Pictures with short captions:
--*--

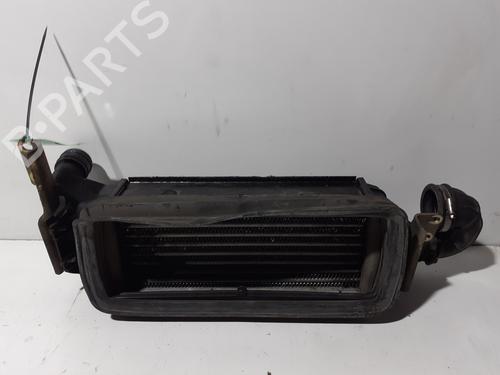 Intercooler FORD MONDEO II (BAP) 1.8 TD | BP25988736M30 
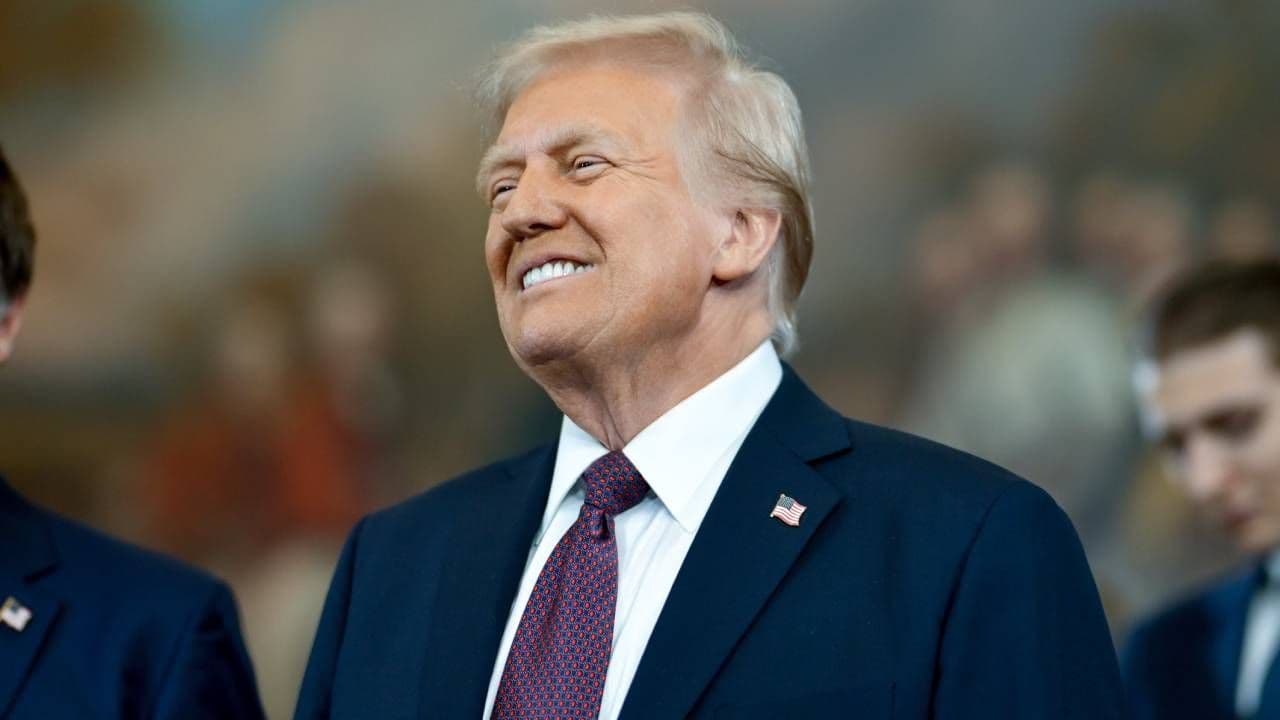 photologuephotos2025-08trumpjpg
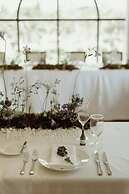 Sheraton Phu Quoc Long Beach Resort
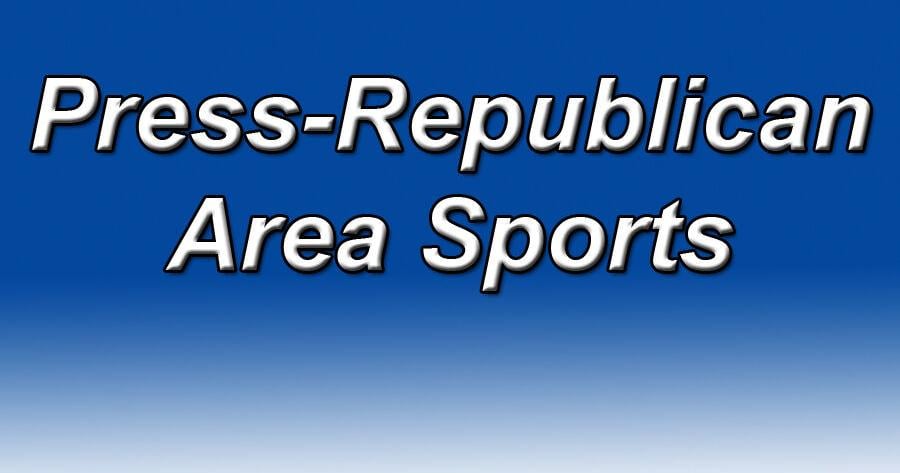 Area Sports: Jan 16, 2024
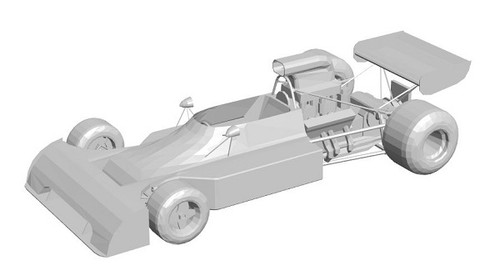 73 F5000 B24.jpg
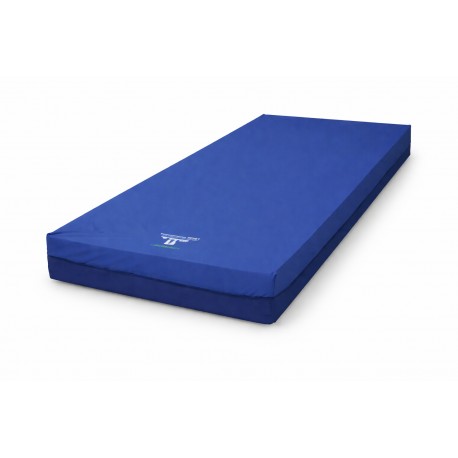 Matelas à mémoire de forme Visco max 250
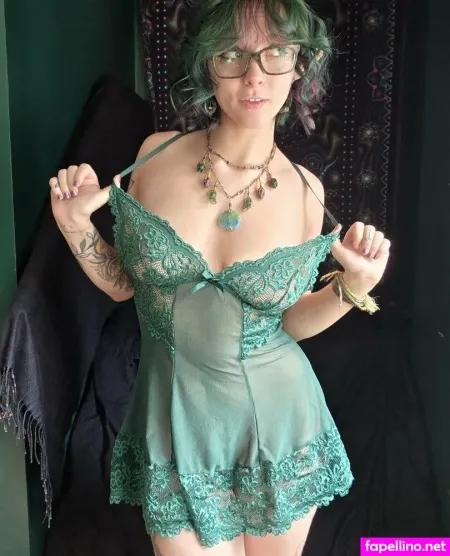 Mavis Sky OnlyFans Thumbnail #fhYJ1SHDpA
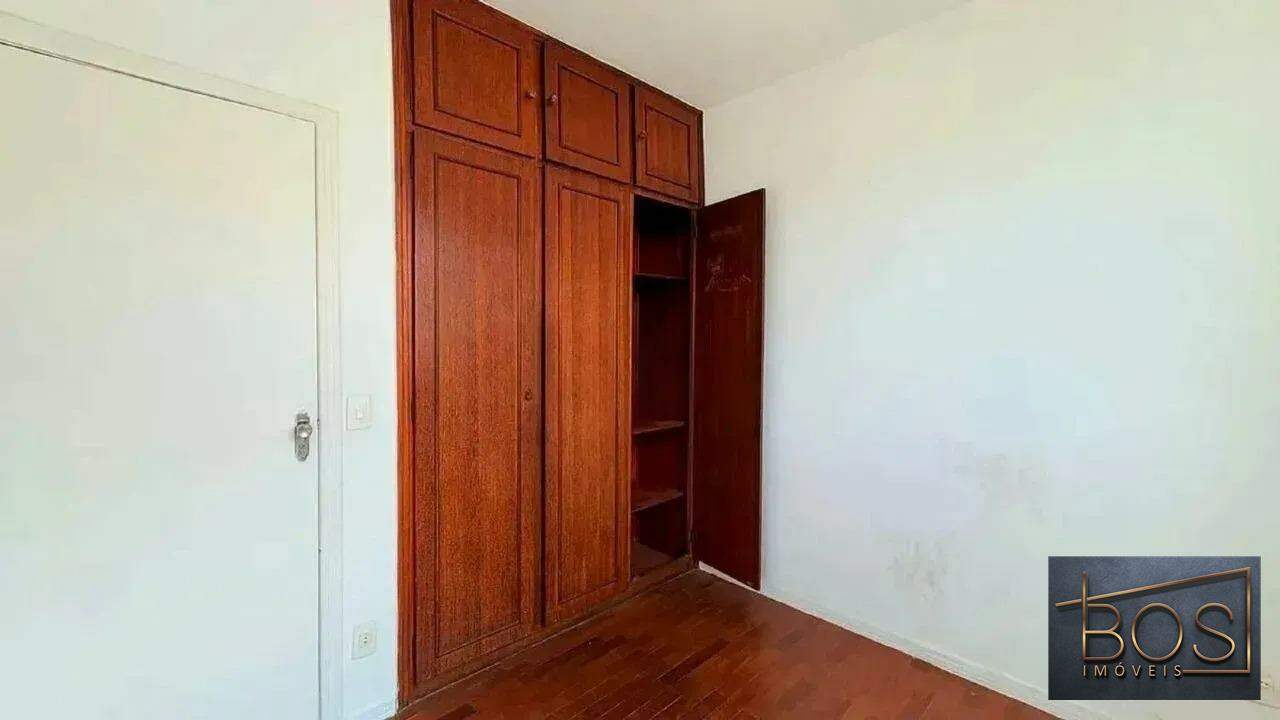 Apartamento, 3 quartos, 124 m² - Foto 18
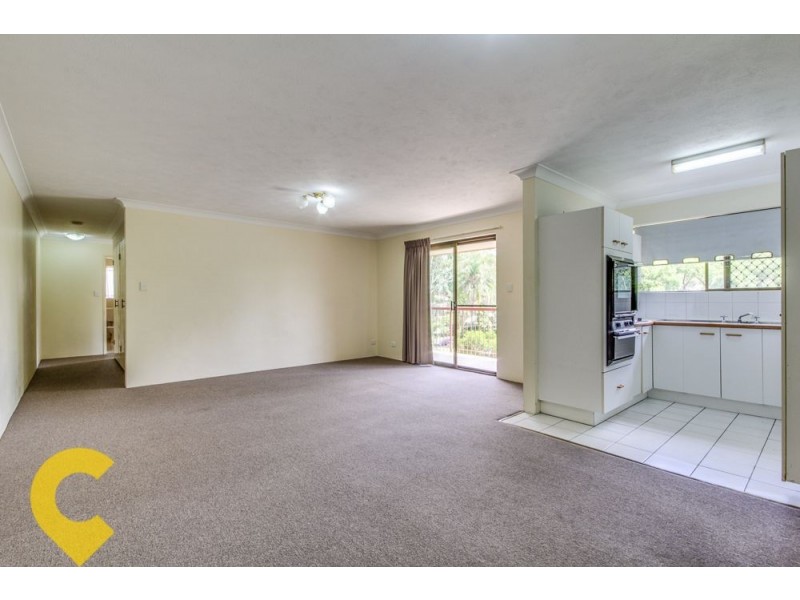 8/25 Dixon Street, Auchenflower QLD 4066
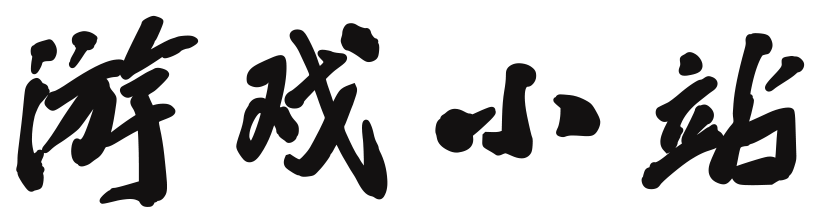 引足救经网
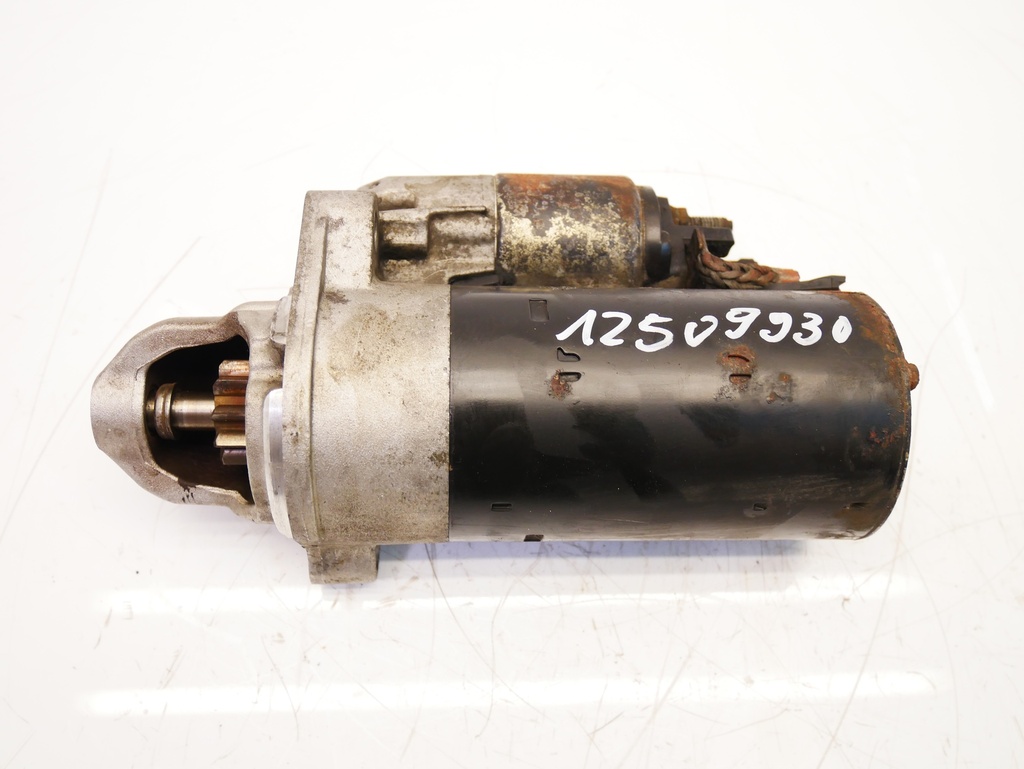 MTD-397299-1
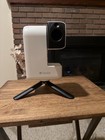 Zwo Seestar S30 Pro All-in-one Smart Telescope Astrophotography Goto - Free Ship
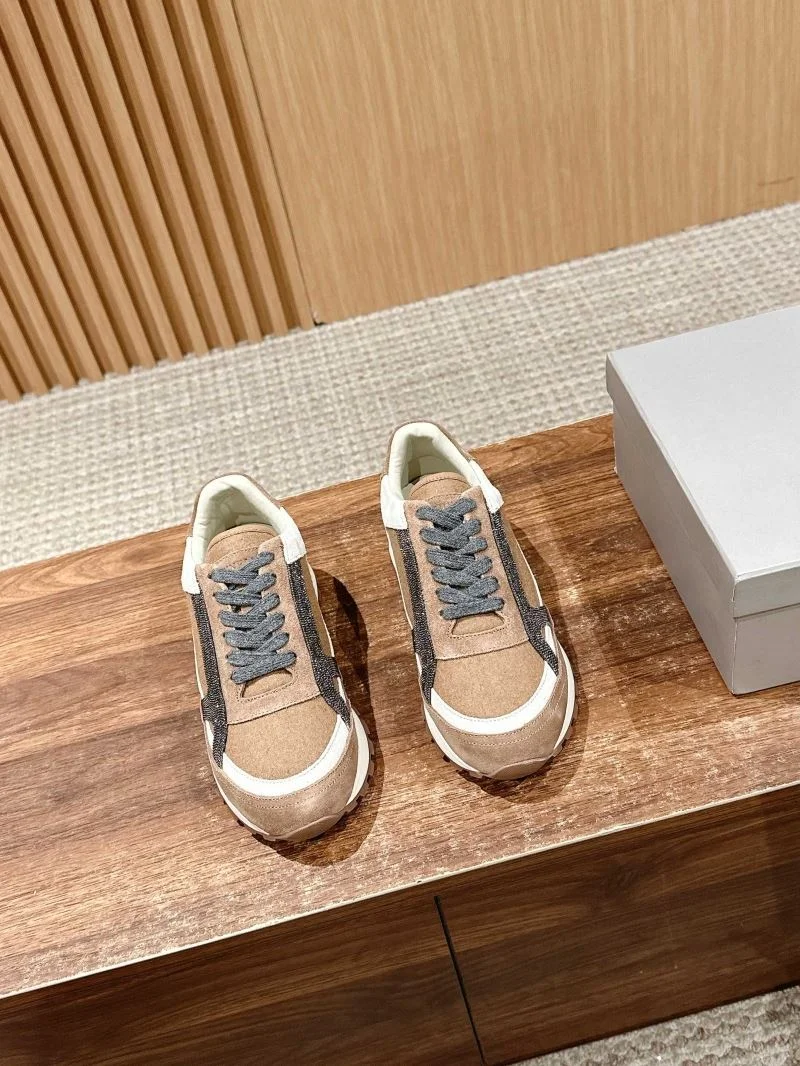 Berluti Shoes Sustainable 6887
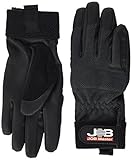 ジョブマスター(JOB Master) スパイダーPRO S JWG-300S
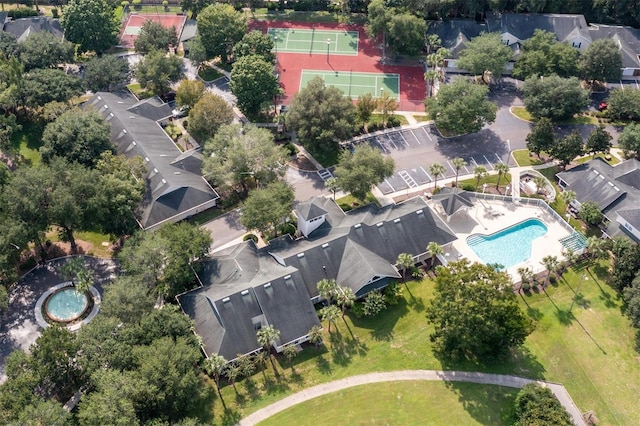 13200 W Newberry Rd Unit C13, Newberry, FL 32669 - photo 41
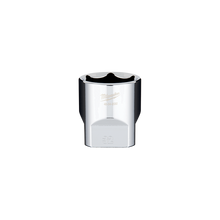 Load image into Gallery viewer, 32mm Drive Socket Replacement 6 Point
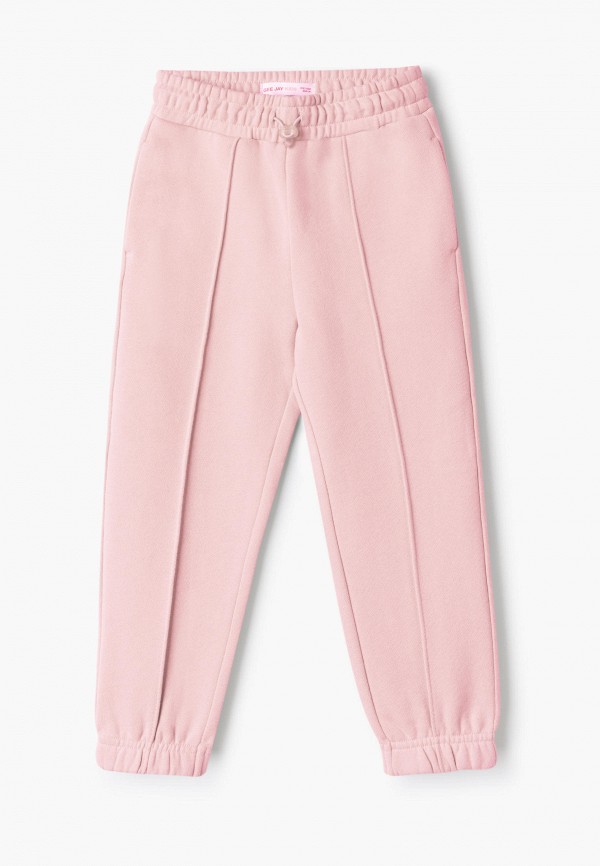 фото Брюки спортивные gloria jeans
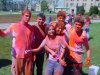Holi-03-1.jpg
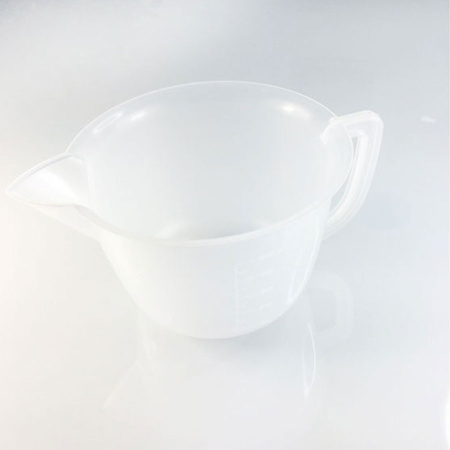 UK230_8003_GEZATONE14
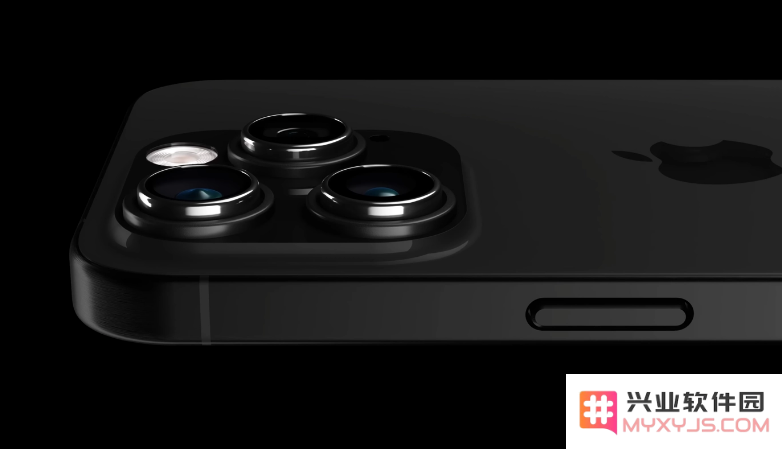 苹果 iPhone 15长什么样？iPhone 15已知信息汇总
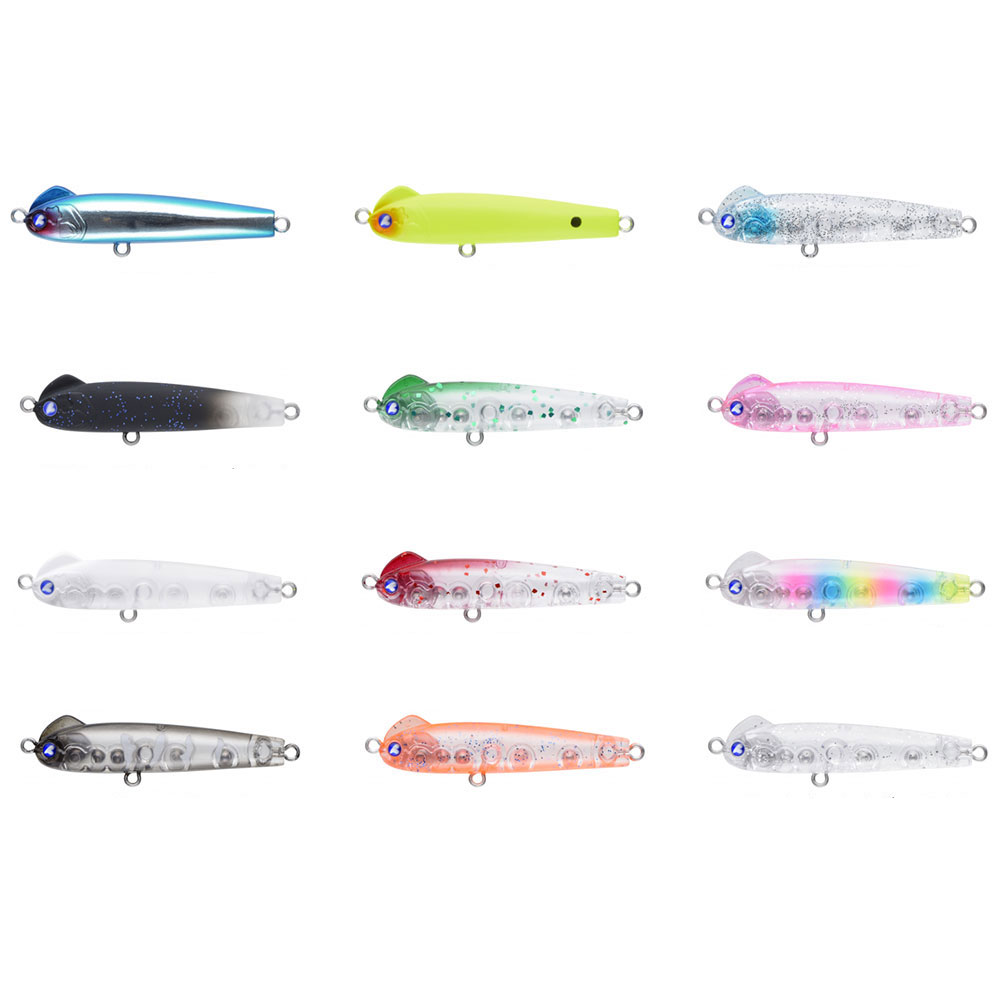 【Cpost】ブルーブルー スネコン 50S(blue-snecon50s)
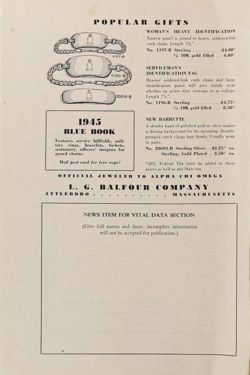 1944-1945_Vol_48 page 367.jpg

--*--

Give the entries above again, exactly as written and free of images.

 Intercooler FORD MONDEO II (BAP) 1.8 TD | BP25988736M30 
 photologuephotos2025-08trumpjpg
 Sheraton Phu Quoc Long Beach Resort
 Area Sports: Jan 16, 2024
 73 F5000 B24.jpg
 Matelas à mémoire de forme Visco max 250
 Mavis Sky OnlyFans Thumbnail #fhYJ1SHDpA
 Apartamento, 3 quartos, 124 m² - Foto 18
 8/25 Dixon Street, Auchenflower QLD 4066
 引足救经网
 MTD-397299-1
 Zwo Seestar S30 Pro All-in-one Smart Telescope Astrophotography Goto - Free Ship
 Berluti Shoes Sustainable 6887
 ジョブマスター(JOB Master) スパイダーPRO S JWG-300S
 13200 W Newberry Rd Unit C13, Newberry, FL 32669 - photo 41
 Load image into Gallery viewer, 32mm Drive Socket Replacement 6 Point
 фото Брюки спортивные gloria jeans
Holi-03-1.jpg
 UK230_8003_GEZATONE14
 苹果 iPhone 15长什么样？iPhone 15已知信息汇总
 【Cpost】ブルーブルー スネコン 50S(blue-snecon50s)
 1944-1945_Vol_48 page 367.jpg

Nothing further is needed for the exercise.